As the behaviour is undefined, there simply is no answer to the question "But what is it returning???", because (very) strictly speaking, your code is no longer C++. The compiler creates a program from the code, but what the program does cannot be deduced from the C++ language rules.

In practice, from an implementation point of view, the program may crash because the caller may try to create an object from memory it should not be allowed to access. If you really really want to know what the compiler creates, then you can always look into the assembly.

Answer 2

When you invoke Undefined Behaviour, the compiler is permitted to do whatever it pleases. This includes crashing, doing exactly what you expect, deleting your code and do nothing, generate a program to format your harddrive or whatever.

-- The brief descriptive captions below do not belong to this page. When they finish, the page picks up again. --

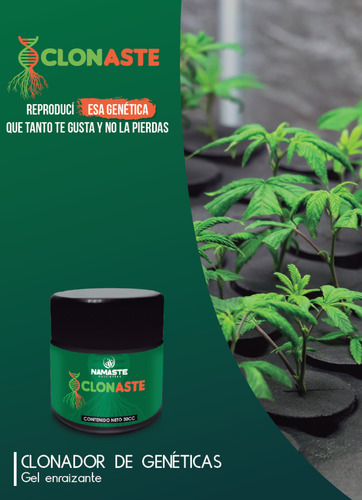 Hormona Clonaste Gel Enraizante Namaste 30cc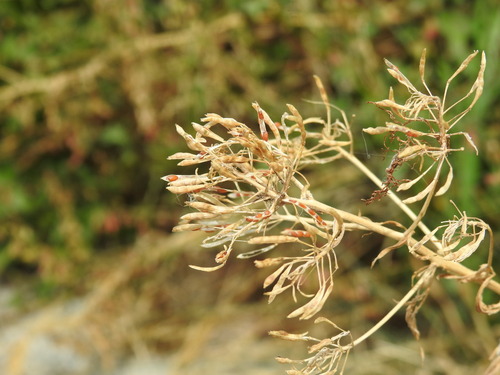 Descurainia tanacetifolia (Descurainia tanacetifolia)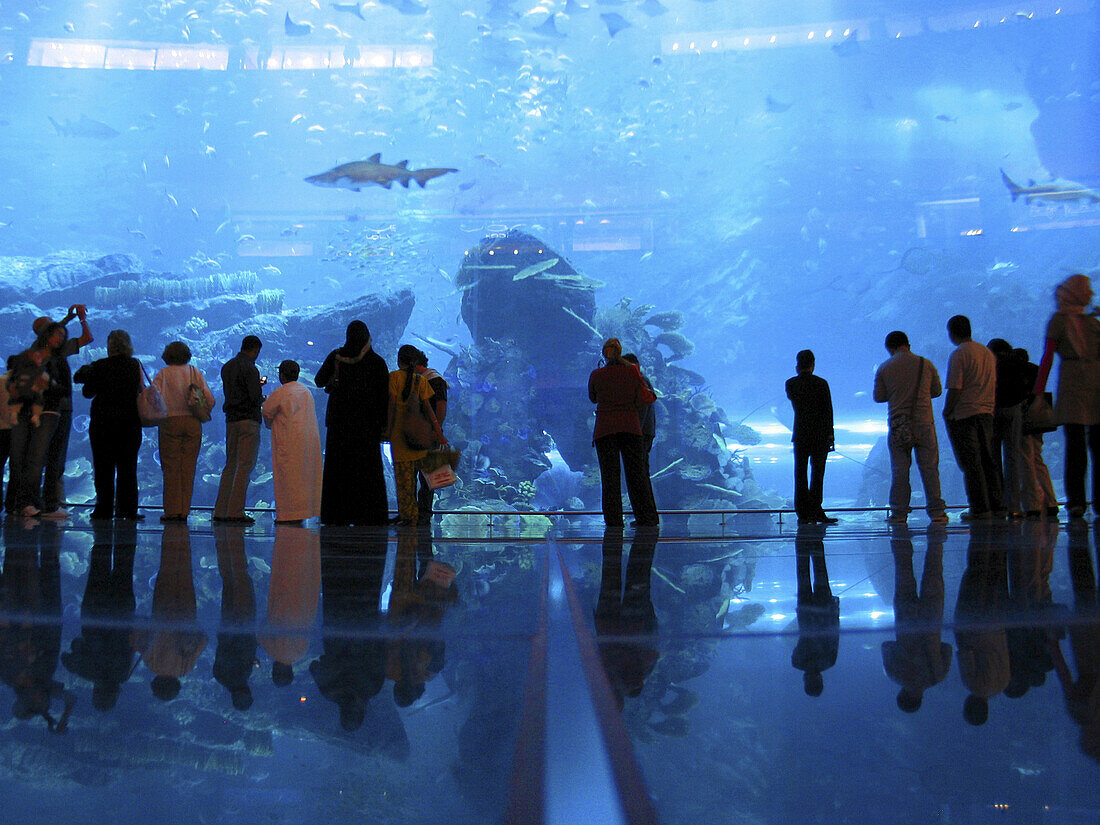 Biggest aquarium in the world at the Dubai Aquarium and Discovery Center.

You simply cannot reason about a program containing UB.

Answer 3

The compiler doesn't enforce that there is no way to reach the end of a function without stepping on a return statement. Of course, it is obvious that in a function with no return statement at all, the end of the function is likely to be reached.

Writing such a function is not prohibited (there could be exceptions, the function may be designed to never return...) but enabling warnings will let the compiler tell you something suspicious is going on.

file.cxx: In member function ‘Soap& Soap::operator=(const Soap&)’:
file.cxx:17:3: warning: no return statement in function returning non-void [-Wreturn-type]